Ni libertad ni progreso: la utopía de 1968 nos dejó huérfanos
Así se hizo hegemónica una mentalidad que tiene entre sus pilares el ataque furibundo y sistemático a la noción misma de autoridad, que como fundada en principios trascendentes y normas universales es, según esta peregrina visión, necesariamente opresiva

Imagen de las revueltas de Mayo del 68 en París
La revolución de Mayo del 68 se desató en Francia de repente. Casi nadie la había visto venir y, por un momento, con las autoridades de todo tipo noqueadas, pareció que cualquier cosa podía ocurrir. Luego llegó el general De Gaulle y se acabó el recreo. Las consecuencias políticas inmediatas fueron prácticamente nulas, pero aquellos jóvenes burgueses jugando a hacer la revolución se reubicaron luego en los principales puestos generadores de cultura: las universidades, los medios de comunicación o la administración en eso que ahora llaman sus aspectos más «societales», quedaron colonizados por la cultura sesentayochista. De este modo, los revolucionarios de 1968 se convirtieron en los dueños de la cultura y en el corazón del establishment.
Así se hizo hegemónica una mentalidad que tiene entre sus pilares el ataque furibundo y sistemático a la noción misma de autoridad, que como fundada en principios trascendentes y normas universales es, según esta peregrina visión, necesariamente opresiva.
Los lemas de Mayo del 68 no engañan
El 'sesentayochista', por decirlo a la brava, quiere hacer lo que le de la real gana. Un deseo que plasmaron en numerosos eslóganes y que vistos en perspectiva oscilan entre el desatino y la cursilería. Lo dejaron bien claro cuando proclamaban que «La naturaleza no ha hecho ni servidores ni amos; no quiero dar ni recibir órdenes».
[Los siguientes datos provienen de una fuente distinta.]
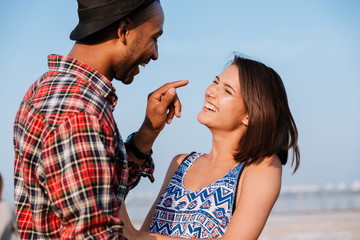 Wall Mural - Couple laughing and having fun outdoors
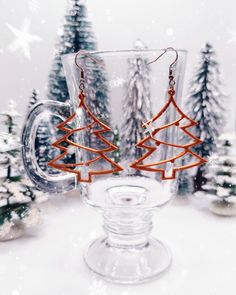 a glass mug with christmas trees in it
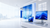 Bright Windows 11 Enterprise showroom with modern desktop and laptop computers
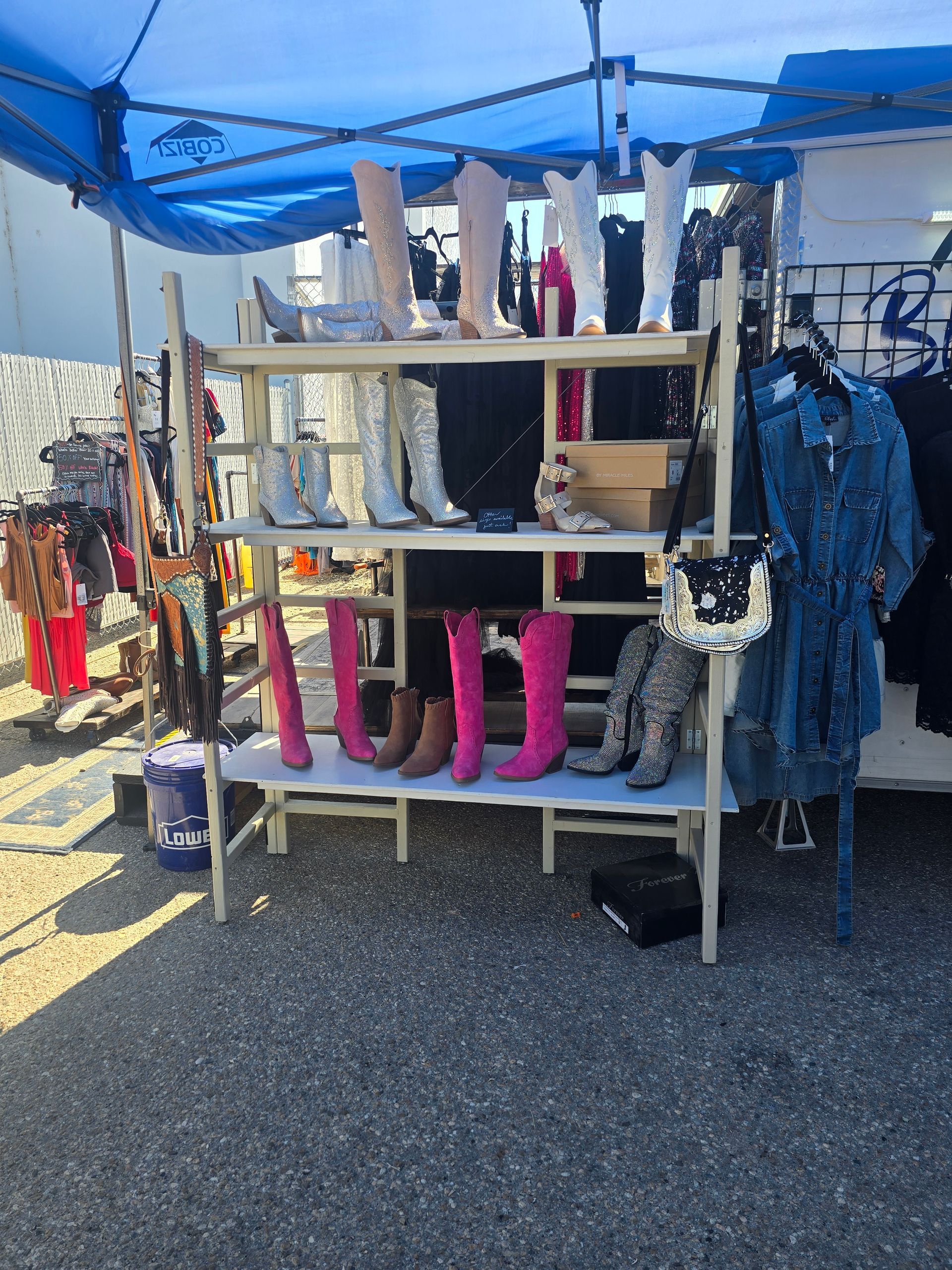 Boots for sale on shelves under a blue canopy at an outdoor market.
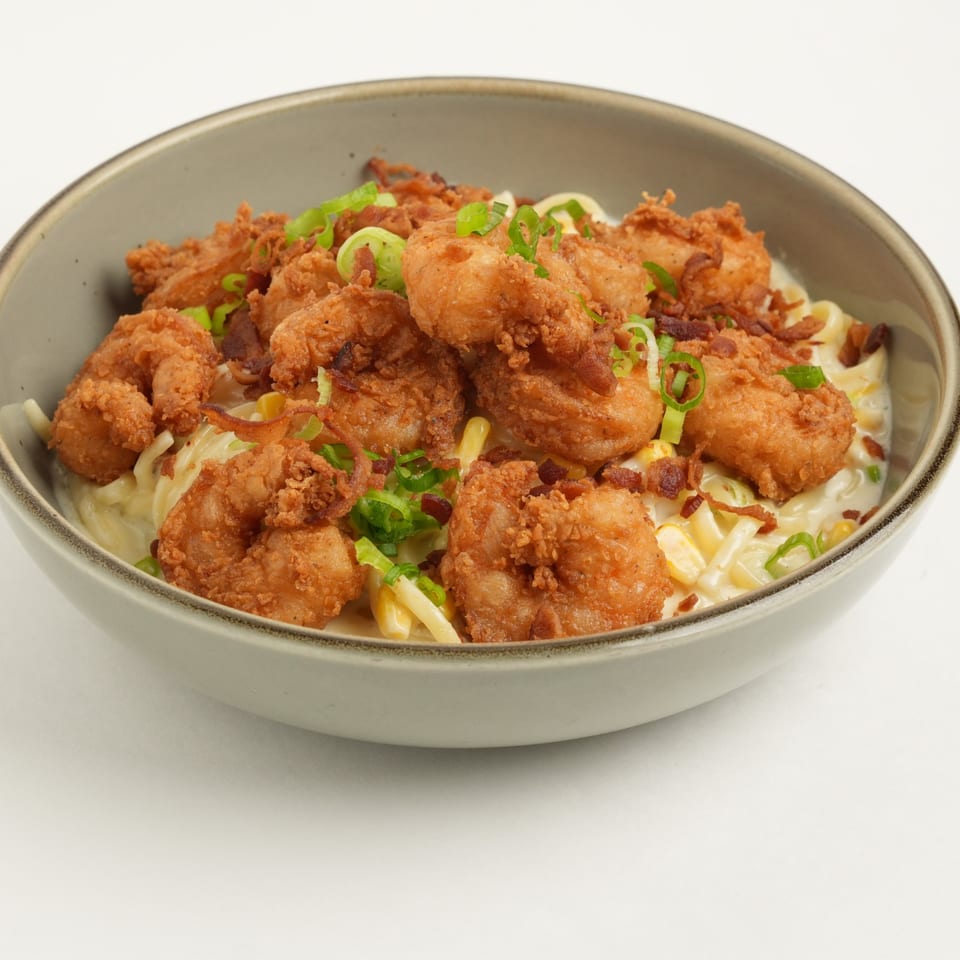 Crispy fried chicken pieces topped with green onions and fried onions over creamy pasta in a ceramic bowl.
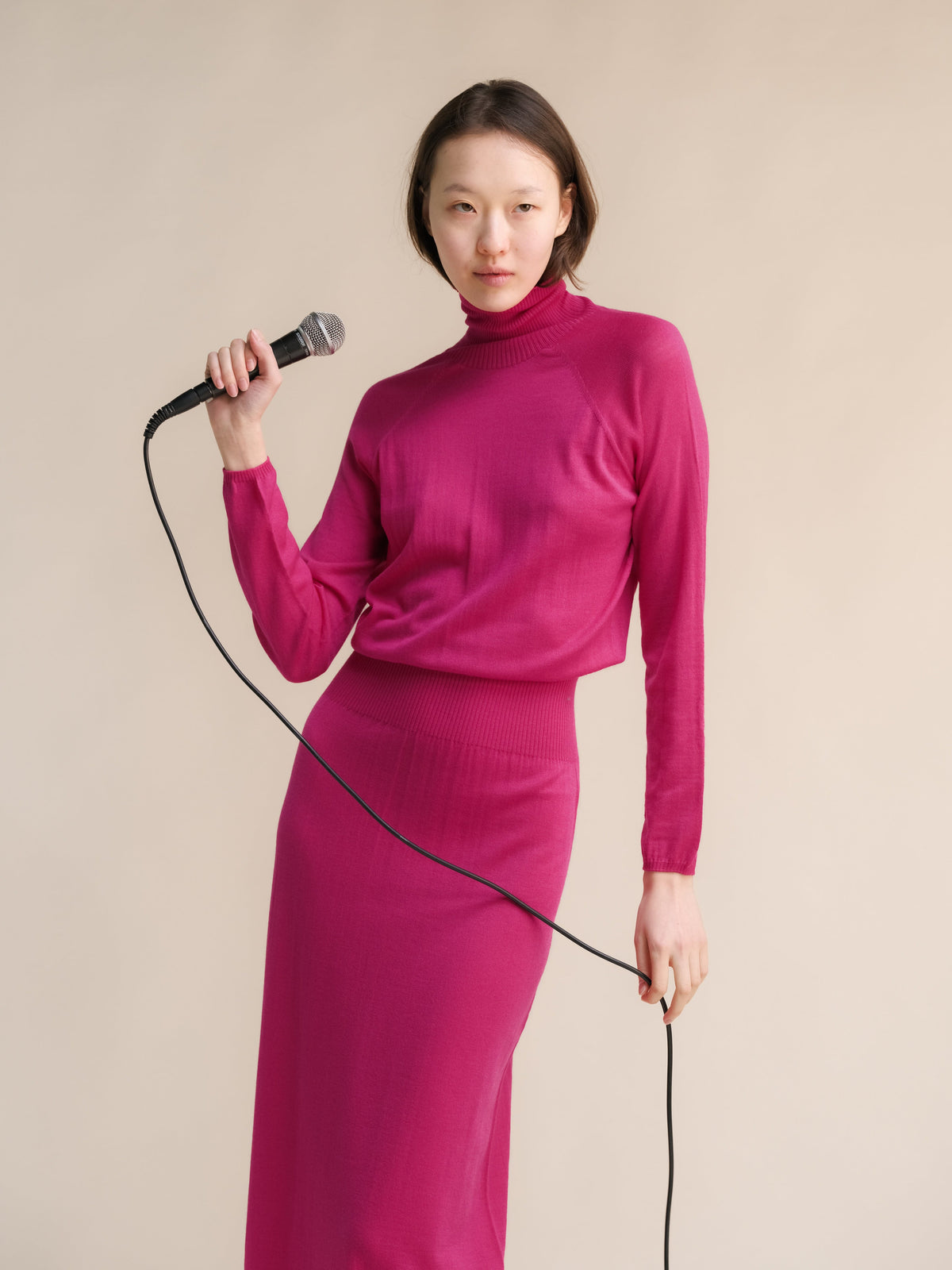 Model draagt magenta 3D knit merino wool dress posing with a microphone in a studio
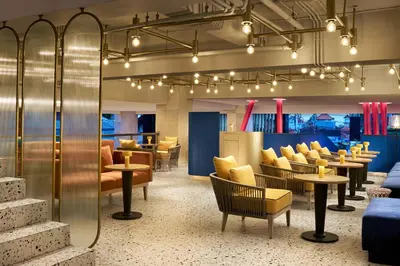 a waiting room with chairs and tables and lights at voco Bali Seminyak by IHG in Seminyak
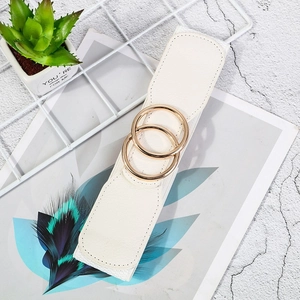 Detail shot of a white wide elastic waist belt with double golden ring buckle closure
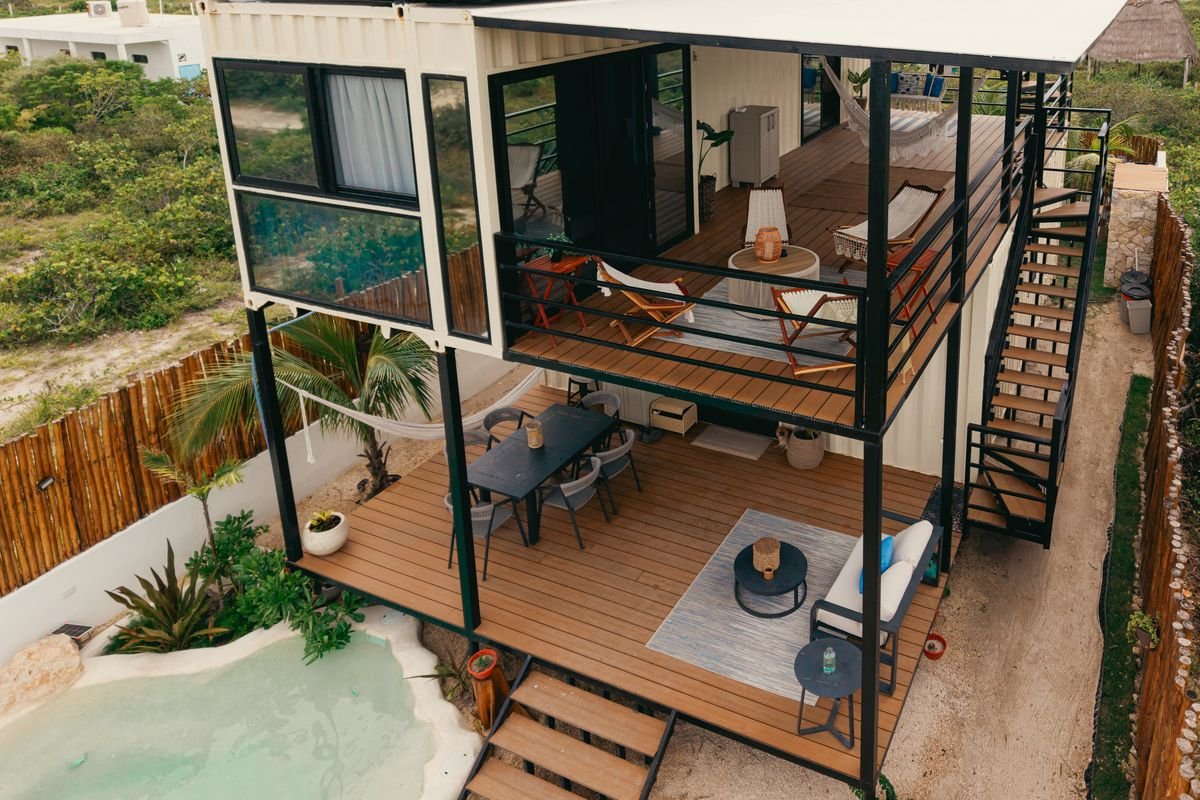 Fachada de arquitectura moderna tipo casa contenedor con grandes ventanales y terrazas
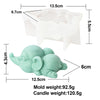 A white silicone mold shaped like an elephant, shown next to a finished light green candle.
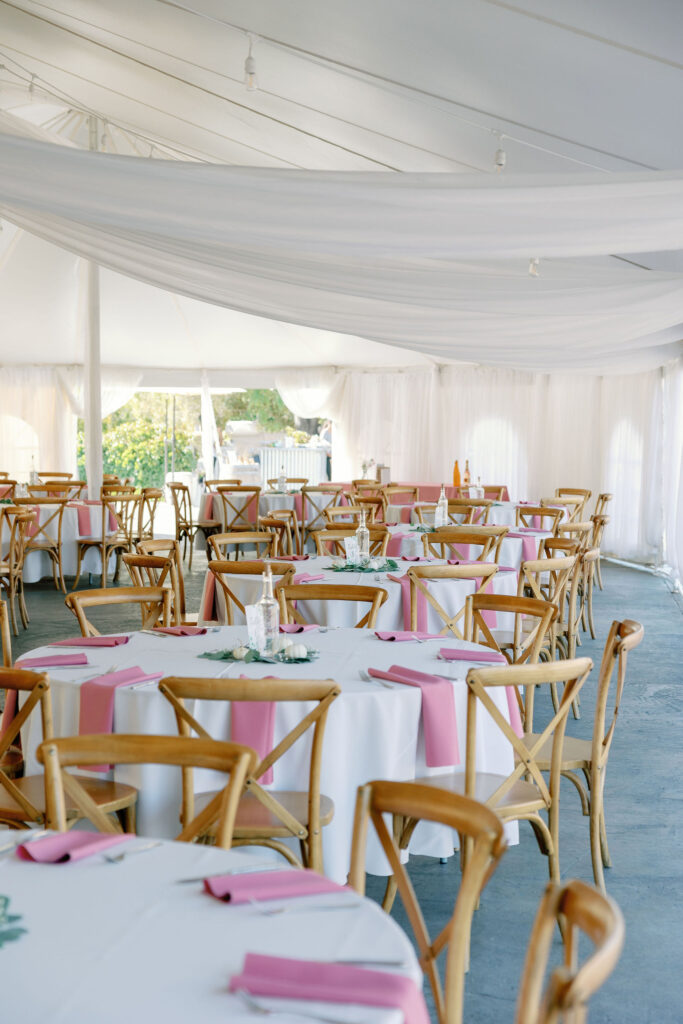 Bay Area wedding photographer captures tent reception with tables and chairs throughout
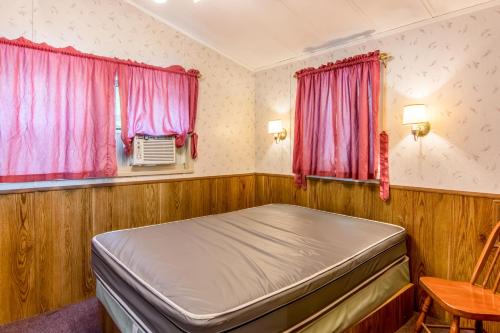 a bed in a room with pink curtains at Williamsburg Camping Resort Wheelchair Accessible Park Model 7 in Croaker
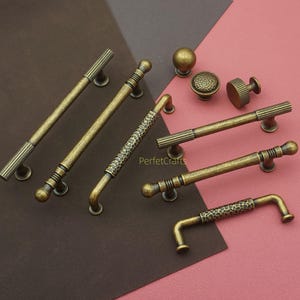 Può includere: Una collezione di ferramenta per mobili in ottone antico, tra cui vari stili di maniglie e pomelli. Le maniglie presentano design a coste, strutturati e a motivi. L'hardware è esposto su uno sfondo marrone e rosa.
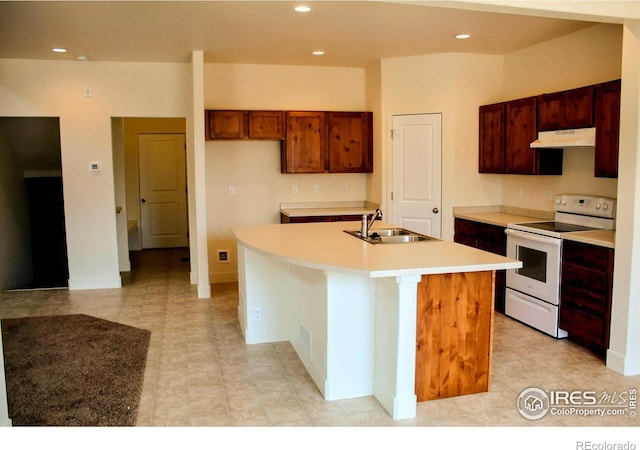 8710 8th St, Greeley, CO 80634 - kitchen with white electric range, under cabinet range hood, an island with sink, light countertops, and recessed lighting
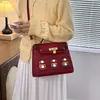 Bolsa feminina estilo luxo, novo modelo outono 2026, bolsa pequena tipo casa color block, bolsa de ombro e transversal moderna e única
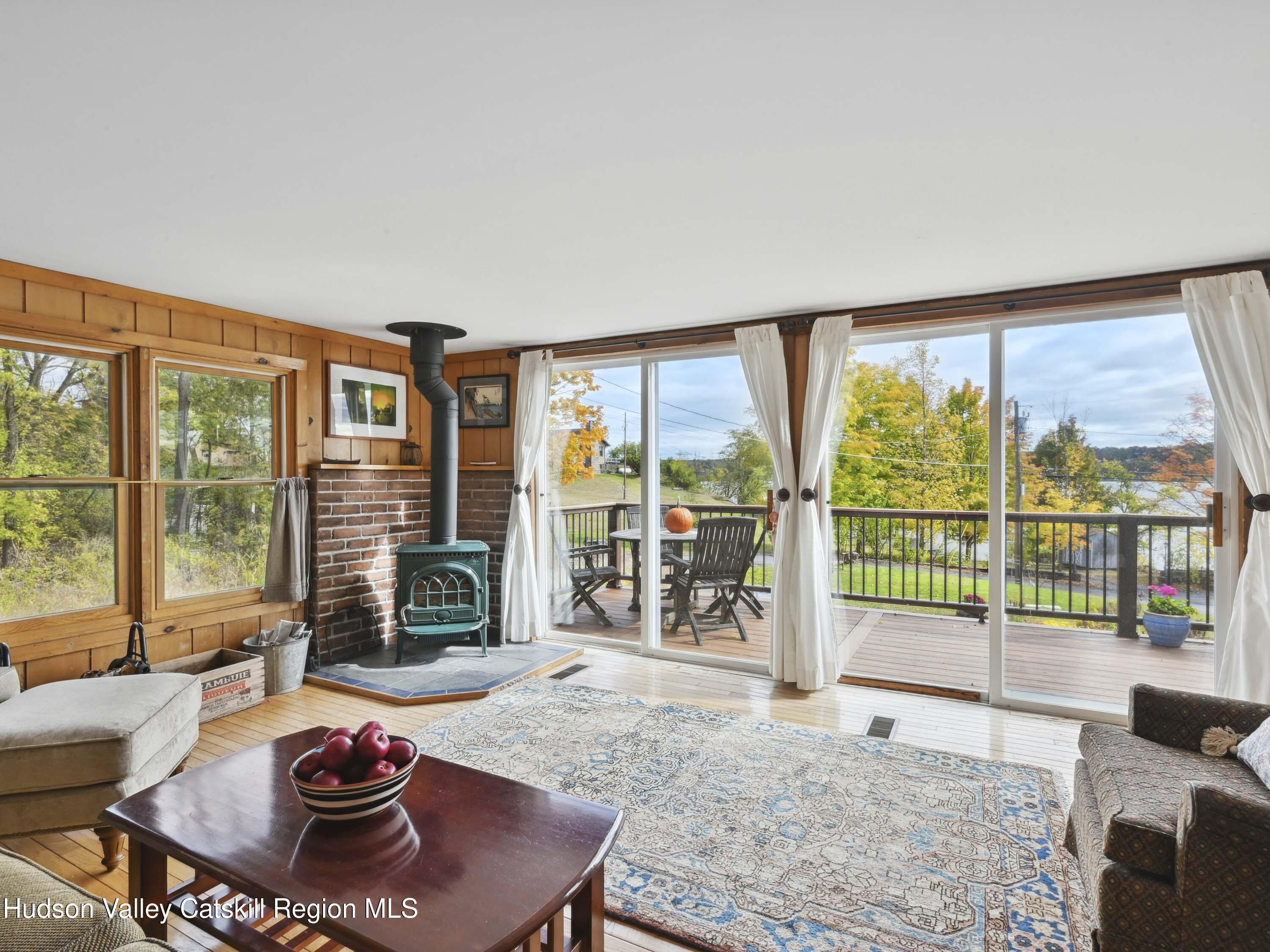 123 Maple Street Catskill, NY 12414 - Photo 6 of 47 a living room with furniture and a floor to ceiling window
Luego se cebaron en la autoridad de los profesores, ridiculizados al más puro estilo maoísta y, según ellos, incapaces de transmitir nada de valor: «Olvidad todo cuanto os han enseñado. Comenzad por soñar. Cread comités de sueños», «No digáis: Sr. Profesor, decid: ¡revienta, zorra!», «Cuando os examinen, responded con preguntas», «Todo enseñante es enseñado. Todo enseñado es enseñante». Lemas que hoy, limados de sus aristas más groseras, bien podemos encontrar en la exposición de motivos de cualquier ley educativa.
París, mayo de 1968: «Prohibido prohibir»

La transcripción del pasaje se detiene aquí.